A better (again IMO) counterargument is that those (&, |, ~) operators are 
meant to be bitwise, that is, threaded over all the bits in the operands. In 
that case, bool with that ~ implementation should not be looked at as a 
subclass of int* qua long in Py2 (infinite number of bits to the left), but as 
a subclass of "int1" in the sense of Py2 int being int32 (fixed number of 
bits). But if we are to drive this to the natural conclusion, then True == -1 
when upcasted to int, not 1, and that would probably break too much code. Also, 
there are bitwise operators (<<, >>) which don't have a nice analogue on int1 
(except always returning 0, which is not interesting).

Also (wasn't mentioned in the thread, but probably worth mentioning), Python 3 
really tries to not have fixed-length ints anywhere. For example, indexing 
bytes gives ints, and they are not int8, but ordinary int*: ~b'a'[0] is -98, 
not 158. Bools might be special, but they are probably not _that_ special. We 
have worked long and hard to remove fixed-length ints from Python, it would be 
very counterproductive to add them back again.
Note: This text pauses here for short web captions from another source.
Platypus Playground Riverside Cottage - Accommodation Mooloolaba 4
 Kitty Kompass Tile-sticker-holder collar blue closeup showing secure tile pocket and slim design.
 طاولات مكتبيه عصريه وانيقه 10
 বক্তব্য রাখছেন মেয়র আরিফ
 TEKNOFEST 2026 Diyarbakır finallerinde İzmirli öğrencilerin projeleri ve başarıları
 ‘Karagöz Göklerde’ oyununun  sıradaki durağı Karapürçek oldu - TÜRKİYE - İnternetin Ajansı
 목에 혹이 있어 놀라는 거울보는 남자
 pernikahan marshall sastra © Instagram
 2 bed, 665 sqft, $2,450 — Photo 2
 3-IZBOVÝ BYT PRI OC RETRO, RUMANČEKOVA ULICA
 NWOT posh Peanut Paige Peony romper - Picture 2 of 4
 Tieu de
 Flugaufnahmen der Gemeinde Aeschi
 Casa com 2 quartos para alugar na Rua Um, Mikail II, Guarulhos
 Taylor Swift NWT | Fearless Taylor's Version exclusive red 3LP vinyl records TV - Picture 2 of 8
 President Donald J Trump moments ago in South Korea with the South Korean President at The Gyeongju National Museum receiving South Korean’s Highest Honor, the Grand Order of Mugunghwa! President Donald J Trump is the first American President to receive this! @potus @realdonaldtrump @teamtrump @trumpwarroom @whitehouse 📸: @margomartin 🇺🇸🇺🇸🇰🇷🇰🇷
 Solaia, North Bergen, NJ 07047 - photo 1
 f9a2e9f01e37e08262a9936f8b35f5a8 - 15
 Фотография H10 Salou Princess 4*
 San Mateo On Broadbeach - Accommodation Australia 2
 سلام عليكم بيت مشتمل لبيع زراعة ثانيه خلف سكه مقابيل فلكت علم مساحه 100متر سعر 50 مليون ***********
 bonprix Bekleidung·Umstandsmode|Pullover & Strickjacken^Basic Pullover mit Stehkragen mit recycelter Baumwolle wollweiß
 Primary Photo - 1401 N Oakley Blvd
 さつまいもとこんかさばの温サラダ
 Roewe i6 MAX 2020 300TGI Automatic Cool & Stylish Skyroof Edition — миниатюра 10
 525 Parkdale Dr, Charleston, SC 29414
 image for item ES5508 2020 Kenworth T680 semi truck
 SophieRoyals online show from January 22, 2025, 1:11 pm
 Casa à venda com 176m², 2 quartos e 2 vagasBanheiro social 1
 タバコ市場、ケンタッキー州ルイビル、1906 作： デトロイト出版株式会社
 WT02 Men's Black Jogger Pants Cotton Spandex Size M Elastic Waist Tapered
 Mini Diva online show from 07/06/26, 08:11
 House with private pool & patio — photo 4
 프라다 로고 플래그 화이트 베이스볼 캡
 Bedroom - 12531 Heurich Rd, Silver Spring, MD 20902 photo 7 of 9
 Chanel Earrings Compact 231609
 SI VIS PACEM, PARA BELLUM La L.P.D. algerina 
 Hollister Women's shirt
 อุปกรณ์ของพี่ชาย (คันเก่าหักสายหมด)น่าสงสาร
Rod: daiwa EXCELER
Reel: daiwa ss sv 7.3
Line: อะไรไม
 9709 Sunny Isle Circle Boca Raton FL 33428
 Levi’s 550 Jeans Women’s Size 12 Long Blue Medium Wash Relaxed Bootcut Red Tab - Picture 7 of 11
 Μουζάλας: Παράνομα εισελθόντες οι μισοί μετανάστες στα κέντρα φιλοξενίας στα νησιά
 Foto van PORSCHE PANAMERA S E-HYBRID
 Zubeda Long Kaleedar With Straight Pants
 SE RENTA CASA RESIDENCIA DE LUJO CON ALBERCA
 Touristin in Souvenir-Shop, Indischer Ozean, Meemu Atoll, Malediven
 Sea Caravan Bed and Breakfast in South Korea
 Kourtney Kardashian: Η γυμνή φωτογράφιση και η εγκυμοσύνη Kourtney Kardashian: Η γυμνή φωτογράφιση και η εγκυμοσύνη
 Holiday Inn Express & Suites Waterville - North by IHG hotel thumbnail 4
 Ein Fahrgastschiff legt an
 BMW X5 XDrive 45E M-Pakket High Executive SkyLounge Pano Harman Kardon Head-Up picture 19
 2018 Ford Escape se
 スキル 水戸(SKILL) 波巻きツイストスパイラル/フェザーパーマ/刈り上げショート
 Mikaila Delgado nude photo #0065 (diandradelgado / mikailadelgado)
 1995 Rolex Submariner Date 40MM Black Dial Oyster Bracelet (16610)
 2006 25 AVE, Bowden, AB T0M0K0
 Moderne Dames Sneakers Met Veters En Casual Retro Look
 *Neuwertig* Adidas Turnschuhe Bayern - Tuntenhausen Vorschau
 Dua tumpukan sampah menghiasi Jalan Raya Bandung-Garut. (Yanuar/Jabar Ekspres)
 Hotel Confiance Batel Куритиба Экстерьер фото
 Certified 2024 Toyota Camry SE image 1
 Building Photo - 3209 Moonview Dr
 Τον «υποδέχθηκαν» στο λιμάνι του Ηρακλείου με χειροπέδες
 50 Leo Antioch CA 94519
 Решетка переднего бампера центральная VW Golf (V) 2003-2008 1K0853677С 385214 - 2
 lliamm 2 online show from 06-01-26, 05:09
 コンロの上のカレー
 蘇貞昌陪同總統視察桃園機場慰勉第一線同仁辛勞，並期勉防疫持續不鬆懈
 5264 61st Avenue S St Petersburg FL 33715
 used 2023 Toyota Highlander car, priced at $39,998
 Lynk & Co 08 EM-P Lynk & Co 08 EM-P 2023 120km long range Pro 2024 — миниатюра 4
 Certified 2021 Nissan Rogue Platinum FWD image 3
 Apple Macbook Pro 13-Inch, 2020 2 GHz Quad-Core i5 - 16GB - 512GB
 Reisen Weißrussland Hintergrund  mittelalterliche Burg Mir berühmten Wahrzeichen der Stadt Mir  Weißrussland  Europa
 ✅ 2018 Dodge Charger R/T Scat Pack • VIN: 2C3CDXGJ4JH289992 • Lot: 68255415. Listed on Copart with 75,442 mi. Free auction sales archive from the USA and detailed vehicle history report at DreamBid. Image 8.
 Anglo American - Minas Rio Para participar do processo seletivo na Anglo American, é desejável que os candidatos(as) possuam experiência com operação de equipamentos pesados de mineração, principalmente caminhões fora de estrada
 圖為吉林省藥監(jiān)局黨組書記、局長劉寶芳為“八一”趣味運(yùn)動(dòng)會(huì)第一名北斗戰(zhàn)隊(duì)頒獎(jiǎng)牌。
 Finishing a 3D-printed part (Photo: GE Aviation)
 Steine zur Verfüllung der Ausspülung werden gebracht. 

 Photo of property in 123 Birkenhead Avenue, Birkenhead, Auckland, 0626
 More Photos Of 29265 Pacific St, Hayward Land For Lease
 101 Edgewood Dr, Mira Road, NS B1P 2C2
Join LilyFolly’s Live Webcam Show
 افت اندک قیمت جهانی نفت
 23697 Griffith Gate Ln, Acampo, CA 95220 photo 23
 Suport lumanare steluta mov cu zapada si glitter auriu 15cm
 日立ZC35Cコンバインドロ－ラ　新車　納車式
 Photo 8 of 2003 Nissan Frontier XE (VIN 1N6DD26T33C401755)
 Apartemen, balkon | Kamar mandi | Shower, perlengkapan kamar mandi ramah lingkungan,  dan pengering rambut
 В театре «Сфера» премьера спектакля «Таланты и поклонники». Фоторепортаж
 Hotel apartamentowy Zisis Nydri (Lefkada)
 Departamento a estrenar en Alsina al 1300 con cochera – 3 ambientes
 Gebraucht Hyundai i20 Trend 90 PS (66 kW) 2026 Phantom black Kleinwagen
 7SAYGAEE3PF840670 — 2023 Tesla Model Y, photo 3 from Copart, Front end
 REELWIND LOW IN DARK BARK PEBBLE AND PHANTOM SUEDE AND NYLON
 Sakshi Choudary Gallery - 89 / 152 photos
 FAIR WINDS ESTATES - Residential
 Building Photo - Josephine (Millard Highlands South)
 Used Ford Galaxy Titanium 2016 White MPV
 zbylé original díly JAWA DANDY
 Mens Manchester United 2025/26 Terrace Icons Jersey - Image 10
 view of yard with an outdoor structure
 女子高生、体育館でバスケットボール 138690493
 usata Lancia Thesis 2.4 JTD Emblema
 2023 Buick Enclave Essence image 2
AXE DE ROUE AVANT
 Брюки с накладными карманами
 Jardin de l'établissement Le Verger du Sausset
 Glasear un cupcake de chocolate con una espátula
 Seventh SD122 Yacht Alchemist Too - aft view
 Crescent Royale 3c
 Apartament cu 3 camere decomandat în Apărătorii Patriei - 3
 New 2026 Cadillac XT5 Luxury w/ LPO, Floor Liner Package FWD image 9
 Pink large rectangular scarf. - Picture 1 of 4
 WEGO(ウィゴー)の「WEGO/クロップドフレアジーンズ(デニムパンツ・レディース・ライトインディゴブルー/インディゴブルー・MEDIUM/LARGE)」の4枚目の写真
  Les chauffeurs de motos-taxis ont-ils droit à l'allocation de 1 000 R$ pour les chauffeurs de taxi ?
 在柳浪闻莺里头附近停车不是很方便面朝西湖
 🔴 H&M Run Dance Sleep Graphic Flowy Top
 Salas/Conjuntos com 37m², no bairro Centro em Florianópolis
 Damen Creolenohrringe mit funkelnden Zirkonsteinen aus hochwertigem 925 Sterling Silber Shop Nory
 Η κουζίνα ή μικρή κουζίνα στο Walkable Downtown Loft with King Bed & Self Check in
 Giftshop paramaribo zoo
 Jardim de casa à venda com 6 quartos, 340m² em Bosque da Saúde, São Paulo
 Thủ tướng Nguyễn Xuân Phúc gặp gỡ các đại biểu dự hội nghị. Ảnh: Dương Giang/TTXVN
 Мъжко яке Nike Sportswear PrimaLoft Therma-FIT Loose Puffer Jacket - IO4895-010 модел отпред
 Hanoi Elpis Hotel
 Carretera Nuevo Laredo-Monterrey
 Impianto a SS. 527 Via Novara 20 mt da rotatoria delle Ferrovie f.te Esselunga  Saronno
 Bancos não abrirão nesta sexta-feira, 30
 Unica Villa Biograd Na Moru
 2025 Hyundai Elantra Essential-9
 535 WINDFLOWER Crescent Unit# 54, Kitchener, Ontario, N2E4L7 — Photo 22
The only reason I'm bringing this here, is that Guido said at some moment

> So we're either going to introduce it in 3.6 and tell people
about it in case their code might break, or we're never going to do
it.

and I would feel bad to tell future learners of Python "that feature was 
considered, but we simply forgot about it and the opportunity closed". :-O

If the sentiment has really crystallized to "we shouldn't do this" in the 
meantime, no problem. But it seems no pronouncement was made.